Naturalmente non possiamo sapere quale fosse il gusto di questo antichissimo vino, bevuto per lo più diluito in acqua, come che cosa fosse precisamente la birra antidiluviana, ma, vari dettagli ci fanno supporre che le birre fossero davvero buone, e che già si potevano scegliere birre scure e birre chiare.

Ma più che la varietà delle birre, più che la localizzazione per entrambe queste bevande tra Sumeri o Armeni e Georgiani, oltre che nell’Antico Egitto, ciò che soprattutto rende interessante questo tema è che vino e birra, insieme ad altre antiche bevande a quest’ultima in molti modi collegate e da alcuni persino identificate, fossero prodotte e consumate come una via sacra che permetteva ad alcuni un contatto con la divinità.

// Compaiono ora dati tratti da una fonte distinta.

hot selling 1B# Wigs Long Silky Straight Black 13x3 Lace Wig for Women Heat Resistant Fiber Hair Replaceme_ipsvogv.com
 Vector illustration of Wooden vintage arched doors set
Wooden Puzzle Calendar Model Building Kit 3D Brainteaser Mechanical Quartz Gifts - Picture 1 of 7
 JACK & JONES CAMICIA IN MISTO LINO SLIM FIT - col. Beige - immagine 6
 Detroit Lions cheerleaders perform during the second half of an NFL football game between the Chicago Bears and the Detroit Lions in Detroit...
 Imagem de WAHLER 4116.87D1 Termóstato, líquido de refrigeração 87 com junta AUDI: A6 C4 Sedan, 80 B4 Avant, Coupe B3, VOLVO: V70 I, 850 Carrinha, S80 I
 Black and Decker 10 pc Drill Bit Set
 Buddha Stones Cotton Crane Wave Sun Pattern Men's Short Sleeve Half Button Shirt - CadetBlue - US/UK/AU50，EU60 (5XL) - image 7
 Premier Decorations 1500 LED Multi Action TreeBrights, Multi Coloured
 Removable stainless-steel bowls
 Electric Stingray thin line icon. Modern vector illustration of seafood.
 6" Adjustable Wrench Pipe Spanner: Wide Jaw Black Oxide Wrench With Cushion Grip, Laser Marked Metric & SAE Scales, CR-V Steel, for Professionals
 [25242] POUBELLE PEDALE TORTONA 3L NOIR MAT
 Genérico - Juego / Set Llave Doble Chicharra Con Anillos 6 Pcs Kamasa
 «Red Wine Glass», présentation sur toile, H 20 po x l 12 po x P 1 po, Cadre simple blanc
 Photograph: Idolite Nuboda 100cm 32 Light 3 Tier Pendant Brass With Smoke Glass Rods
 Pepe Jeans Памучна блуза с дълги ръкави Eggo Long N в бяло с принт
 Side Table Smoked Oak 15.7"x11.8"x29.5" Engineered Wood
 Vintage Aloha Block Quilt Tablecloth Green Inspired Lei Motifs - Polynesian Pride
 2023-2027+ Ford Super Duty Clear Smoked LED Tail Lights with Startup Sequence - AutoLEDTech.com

Anche in tutt’altro ambito geografico l’antropologia studiando il miele selvatico/fermentato, ipotizzando possibili identificazioni tra il famoso idromele, e antiche forme di birra “ale”, o anche con più mitici cibi divini quali l’ambrosia e il nettare, dischiude le porte ad affascinanti ipotesi su queste bevande propiziatorie diffuse anche oltreoceano. E il miele, rompendo il primitivo schema creato dallo stesso Lévi-Strauss, tra il crudo e il cotto, pare essere stato uno dei cibi/bevande più antichi dei nostri antenati “raccoglitori”, come iberiche pitture rupestri ci dimostrano. E se tazze di miele erano offerte agli dei dagli egiziani, il codice di Hammurabi (1792-1750 circa a.C.), più tardi si preoccuperà di proteggere gli apicoltori dai furti. Lo stesso testo evangelico conserva tracce di questa “sacralità” profetica del miele selvatico ricordando come proprio “l’ultimo Profeta” prima di Cristo, Giovanni Battista, si cibasse nel deserto, oltre che di cavallette, di “miele selvatico” (Marco 1,6).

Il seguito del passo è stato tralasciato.